* WHAT THIS TASK INVOLVES
The line containing "Metal sign saying" and every line after it, through the last line of the records, are to be transcribed exactly, and nothing else.

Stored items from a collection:
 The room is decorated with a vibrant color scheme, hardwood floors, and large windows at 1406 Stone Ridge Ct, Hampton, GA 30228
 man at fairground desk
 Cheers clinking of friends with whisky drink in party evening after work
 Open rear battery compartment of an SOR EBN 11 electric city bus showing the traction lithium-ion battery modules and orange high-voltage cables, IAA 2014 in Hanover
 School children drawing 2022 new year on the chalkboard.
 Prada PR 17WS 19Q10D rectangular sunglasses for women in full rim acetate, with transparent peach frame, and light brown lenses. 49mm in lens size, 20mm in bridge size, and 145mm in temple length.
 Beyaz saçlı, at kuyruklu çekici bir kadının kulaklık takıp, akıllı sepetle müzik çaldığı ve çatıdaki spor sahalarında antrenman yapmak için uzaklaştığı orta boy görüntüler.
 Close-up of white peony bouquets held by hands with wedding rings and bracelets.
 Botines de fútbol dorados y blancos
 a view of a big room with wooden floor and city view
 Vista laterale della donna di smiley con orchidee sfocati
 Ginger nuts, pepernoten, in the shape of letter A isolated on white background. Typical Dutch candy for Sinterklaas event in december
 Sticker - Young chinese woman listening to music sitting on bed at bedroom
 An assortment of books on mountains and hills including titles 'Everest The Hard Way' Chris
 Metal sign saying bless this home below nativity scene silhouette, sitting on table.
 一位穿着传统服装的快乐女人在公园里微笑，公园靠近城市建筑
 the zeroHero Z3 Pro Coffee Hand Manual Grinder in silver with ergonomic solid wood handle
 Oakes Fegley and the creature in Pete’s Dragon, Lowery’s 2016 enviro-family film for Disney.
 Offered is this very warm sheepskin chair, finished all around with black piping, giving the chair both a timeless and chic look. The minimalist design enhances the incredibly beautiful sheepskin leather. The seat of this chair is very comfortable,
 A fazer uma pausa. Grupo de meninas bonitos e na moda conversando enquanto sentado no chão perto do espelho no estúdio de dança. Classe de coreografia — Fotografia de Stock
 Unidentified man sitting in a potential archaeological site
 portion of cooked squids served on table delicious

* SOLVED EXERCISE
 Metal sign saying bless this home below nativity scene silhouette, sitting on table.
 一位穿着传统服装的快乐女人在公园里微笑，公园靠近城市建筑
 the zeroHero Z3 Pro Coffee Hand Manual Grinder in silver with ergonomic solid wood handle
 Oakes Fegley and the creature in Pete’s Dragon, Lowery’s 2016 enviro-family film for Disney.
 Offered is this very warm sheepskin chair, finished all around with black piping, giving the chair both a timeless and chic look. The minimalist design enhances the incredibly beautiful sheepskin leather. The seat of this chair is very comfortable,
 A fazer uma pausa. Grupo de meninas bonitos e na moda conversando enquanto sentado no chão perto do espelho no estúdio de dança. Classe de coreografia — Fotografia de Stock
 Unidentified man sitting in a potential archaeological site
 portion of cooked squids served on table delicious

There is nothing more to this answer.